Holiday Spending Run Amuck

Every year there are stories about holiday spending but there are many more stories this season about having a frugal but meaningful holiday in these economic climes. Even Oprah’s big holiday orgy of her favourite things was scaled down, WAY down this year.


My friend forwarded the GOOP Get newsletter about a week ago. I was ready to mock the $1350 USD Mulberry weekend bag, $1850 USD Hermes Cape Cod Watch and the $24.74 Recycled Bamboo utensil set (“Eco-friendly and great for picnics.”) but then I saw a news story on The National the other night about how “ordinary” Canadians are coping with the holidays in uncertain times where one family was hoping to lower their budget to $1500 from $6000.




Am I Scrooge or does this seem a little outrageous? Even $1500 seems crazy to me!


This was obviously an upper middle-class family and I come from a more humble background but REALLY?


Another family received a lot of gifts for their young child’s birthday so they decided to save some of the gifts for Christmas. This was a brilliant idea! A child that young wouldn’t know anyway. Besides, kids get bored of toys so it is often recommended to take some out of circulation and cycling them in later as a great way to keep them engaged without having to buy new toys (all the time). The bonus is that you may be able to prevent the toys from overrunning your house (‘may’ being the operative word).

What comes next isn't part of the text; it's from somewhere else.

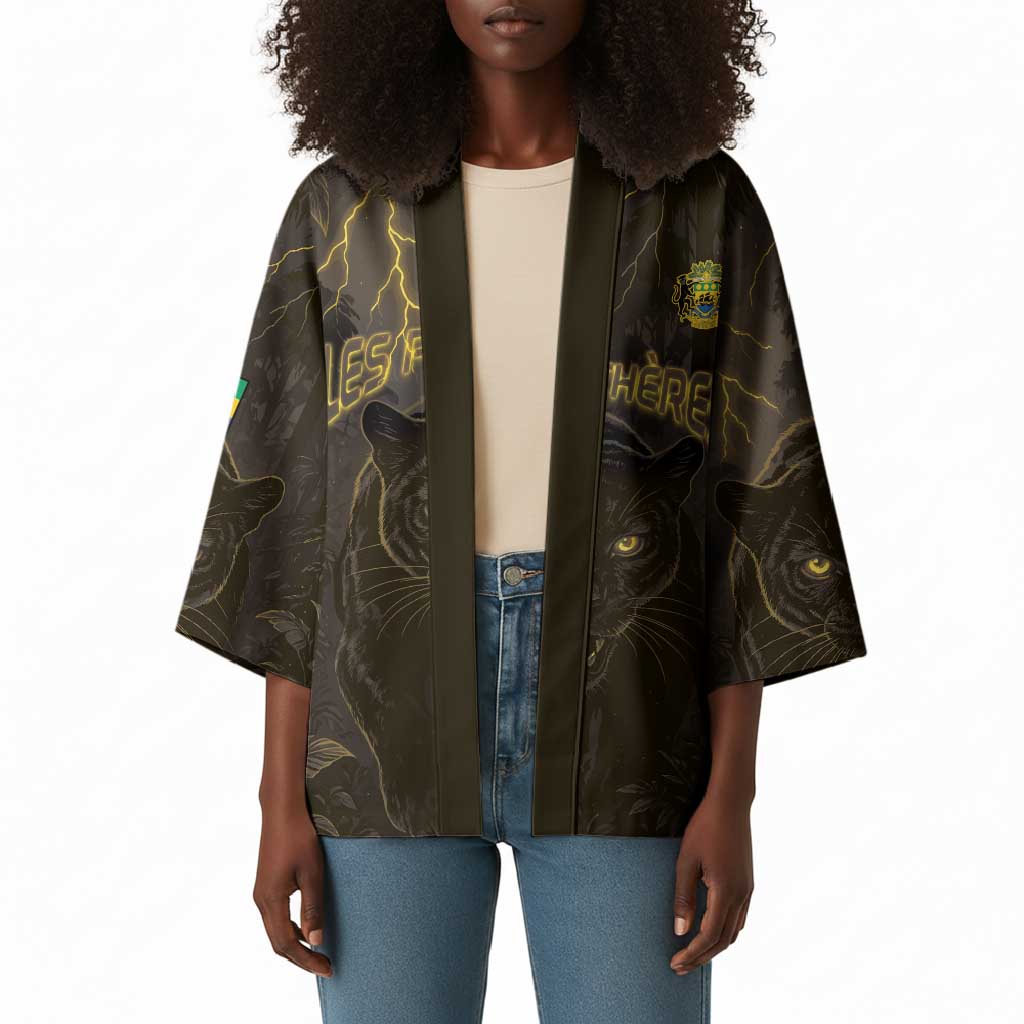 Custom Gabon Football Kimono Black Panther Thunder - African Pride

Our parents wisely got out of the habit of buying us gifts (saving us both a lot of grief and stress) and now give us money to spend as we wish. I usually end up saving the money but this year I will spend it on stocks! Hopefully it will be the gift that keeps on giving.


With my siblings, we cap it at $50 per person, pooling of money is allowed. We really do this to give everyone a chance to rip open some wrapping paper- the gift is almost (almost) incidental. My boyfriend and I have never been explicit about it but I would say $200 is the absolute limit. He knows I get upset with him if he pays full price or goes overboard- I just wouldn’t enjoy it if I knew he overextended himself.


I was having this conversation with my boyfriend and he mentioned hearing a surprising (not so surprising?) statistic about holiday gift-giving. On average, it takes about six months for the average gift-giver to pay off holiday purchases. We both try to pay off our respective bills in full by the due date so we were both quite stunned.


And six months is only the average!!! I would hazard to guess that there are a lot of people who are buying gifts this year who haven’t paid off the gifts from last year. That’s an “Ouch!”


Maybe I’m just lucky that my friends do not feel obligated to buy gifts but elect, instead, to spend a few hours over dinner or drinks to catch up, relax and just take a general breather from this hectic time of year.


Our gift to each other is the time we spend together and you can’t put a dollar value on that.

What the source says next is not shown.